Recorded data >>
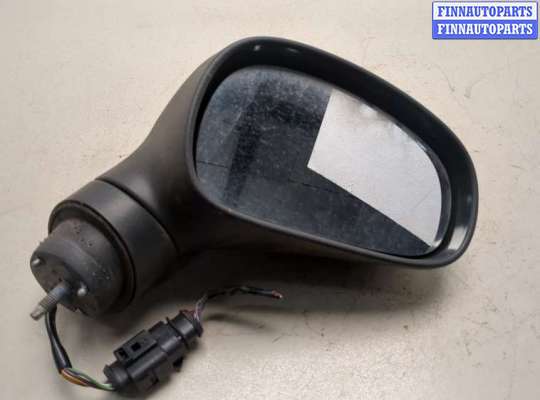 Зеркало боковое ST346460 на Seat Leon 2 2005-2012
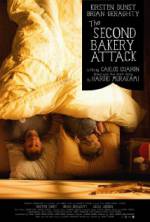 Watch The Second Bakery Attack Movie2k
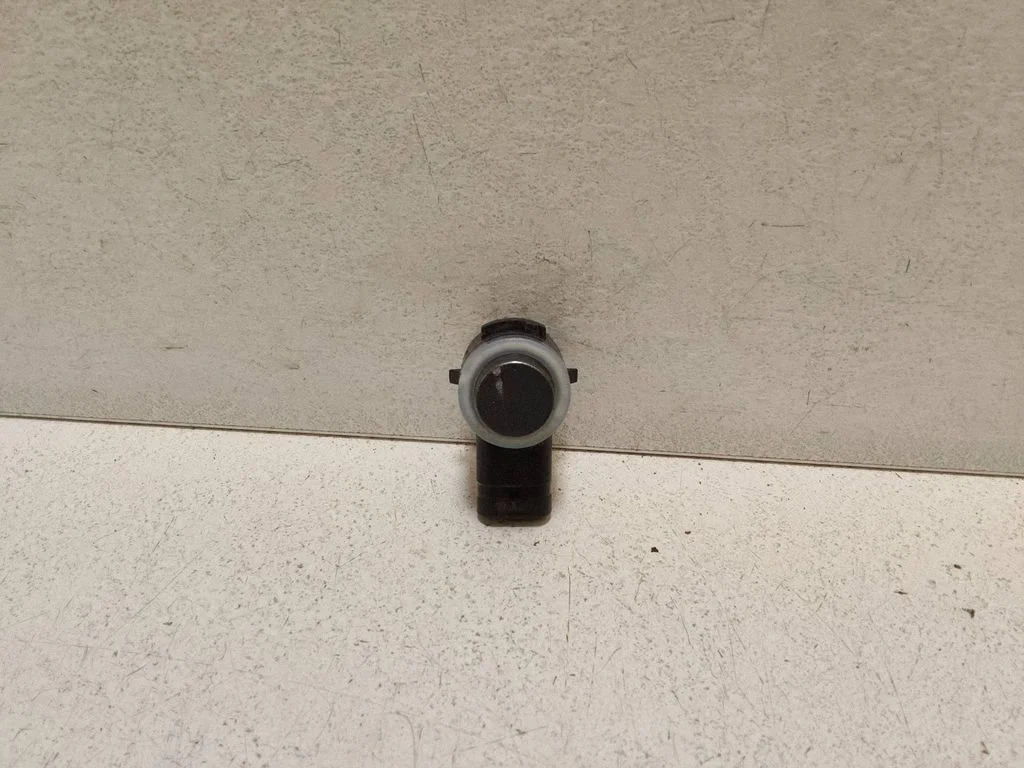 Parking PDC sensor NU5T15K859AAW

Required work >> Everything from the line with "Watch The Second Bakery Attack Movie2k" through the last line above should be reproduced exactly, both ends included; pictures must be omitted.

Written response >>
 Watch The Second Bakery Attack Movie2k
 Parking PDC sensor NU5T15K859AAW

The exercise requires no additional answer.